Nas décadas seguintes o processo de camuflagem política se acentuou. O partido orgânico do capital financeiro e que aprofundou no governo as políticas neoliberais se nomeou Partido da Social Democracia Brasileira - PSDB. Os parlamentares conservadores de direita no Congresso Nacional criaram uma articulação efetiva que passou a se chamar de “Centrão”; com o Partido Trabalhista Brasileiro votando e liderando a dilapidação da Consolidação das Leis do Trabalho, desconstituindo direitos e conquistas dos trabalhadores brasileiros em função dos interesses da grande burguesia.

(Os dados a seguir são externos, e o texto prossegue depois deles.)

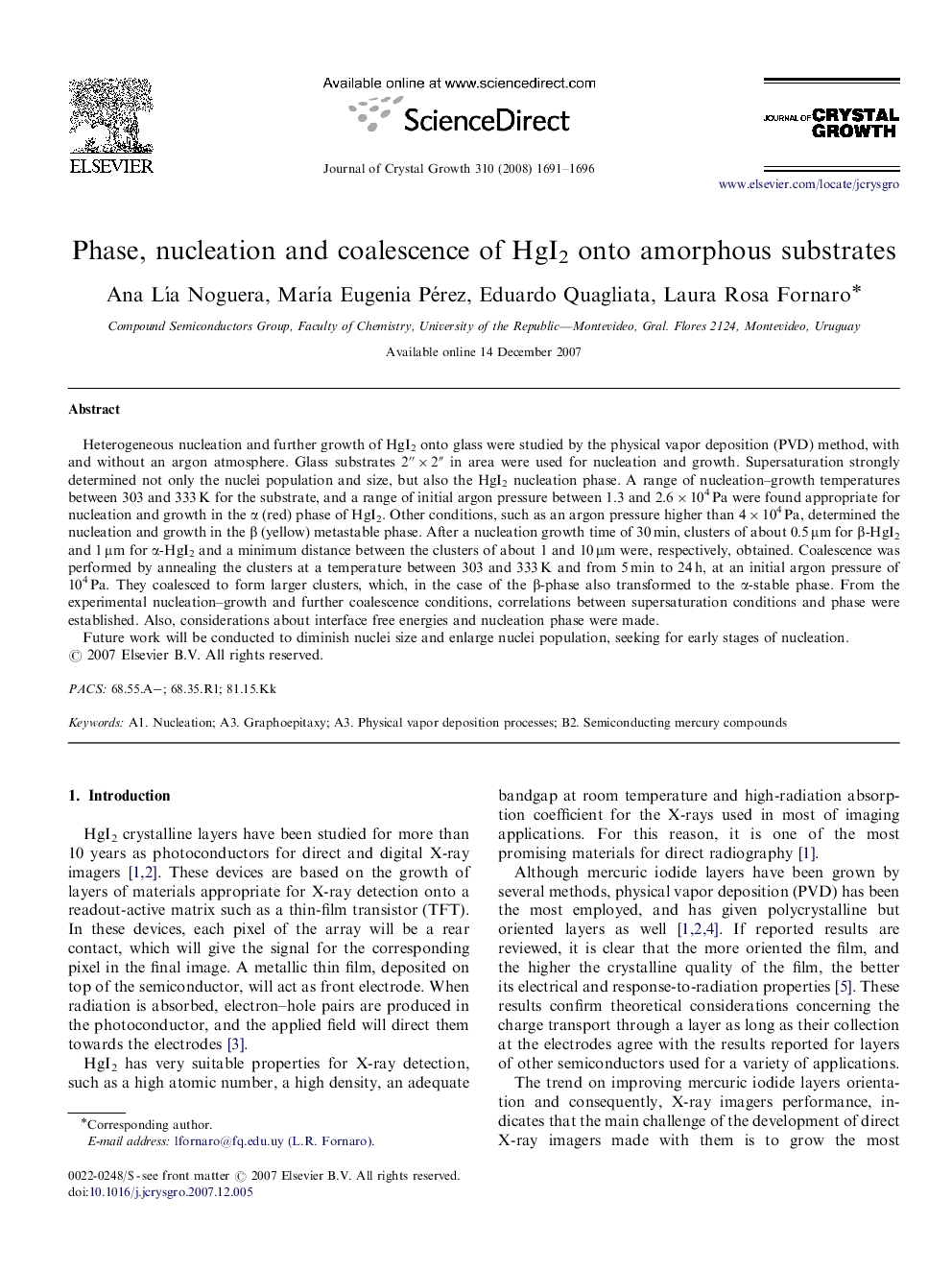 Phase, nucleation and coalescence of HgI2 onto amorphous substrates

Mais recentemente, um conjunto de grupos de direita criou novas legendas partidárias, sempre procurando preservar certa retórica democrática ou progressista para buscar legitimidade. São os casos do Podemos, Democratas, Progressistas e Avante. Todos grupos de direita e extrema direita que optam por denominações suavemente progressistas.

O processo golpista aberto em 2016 e as eleições de 2018 permitiram uma quebra parcial, mas não definitiva desse paradigma político. A extrema direita se reposicionou na disputa discursiva apresentando-se explicitamente a partir da aglutinação em torno do combate ao PT, à esquerda e na defesa da candidatura de Jair Bolsonaro. A partir de então, organizada pela política do governo Bolsonaro, desenvolveu uma retórica ofensiva e sectária, abrindo espaço para crescer sobre um discurso abertamente antidemocrático e neofascista.

A presença consolidada de dois polos políticos contrários e antagônicos, representados pelas pré-candidaturas de Bolsonaro e de Lula, parece estar sendo respondida por forças de direita dissidentes de Bolsonaro com o mesmo subterfúgio político: construir uma retórica moderna e democrática para projetos programaticamente de direita. Este é o esforço que marca a tentativa de consolidação da “terceira via”. Sergio Abranches vem chamando a atenção para o fato de que não há terceira via no Brasil. Isto porque ela não surge do campo democrático, como nos casos clássicos, e não se constitui como uma via alternativa de fato “porque se define por negação: "nem Lula, nem Bolsonaro, o que não lhe confere qualquer identidade programática” e “porque praticamente todos os nomes especulados - até agora sem sucesso - para encarná-la são de direita ou centro-direita. Todos já se mostraram identificados com agendas conservadoras no campo social e, em alguns casos, com pautas reacionárias”. Ou seja, mais uma vez, uma derivação da direita brasileira busca se legitimar e consolidar eleitoralmente com uma retórica progressista sem correspondência com o real conteúdo de sua política.

A tentativa de emplacar Sergio Moro, como uma candidatura de terceira via, aprofunda essa falsificação retórica proposital. Trata-se de um verdadeiro sequestro político da gramática e dos seus significados. Sergio Moro é uma candidatura de extrema direita, vinculada à ideia de regressões democráticas e criminalização da política. Ainda que se apresente, até agora, como um candidato às eleições, seu protagonismo político emerge do controle antidemocrático de instrumentos estatais burocráticos. Seu surgimento se dá a partir do uso de lawfare para eliminação de adversários políticos, ou seja, do emprego de manobras jurídico-legais como substitutas dos procedimentos democráticos. Impossível, a não ser no mundo dos aparelhos ideológicos e das falsificações, caracterizá-lo com uma terceira via. Para isso deveria, minimamente, se enquadrar no campo da democracia. Não é o caso! Moro é a variante eleitoral da mesma extrema direita que sustenta Bolsonaro.


[1] GRAMSCI, António. Cadernos do cárcere. vol 1. Rio de Janeiro: ed Civilização Brasileira, 2014

[2] Sobre isto sugiro a leitura de CASIMIRO, Flavio Henrique Calheiros. A nova direita: aparelhos de ação política e ideológica no Brasil contemporâneo. São Paulo: Expressão Popular, 2018.

* Este é um artigo de opinião. A visão do autor não necessariamente expressa a linha editorial do jornal Brasil de Fato.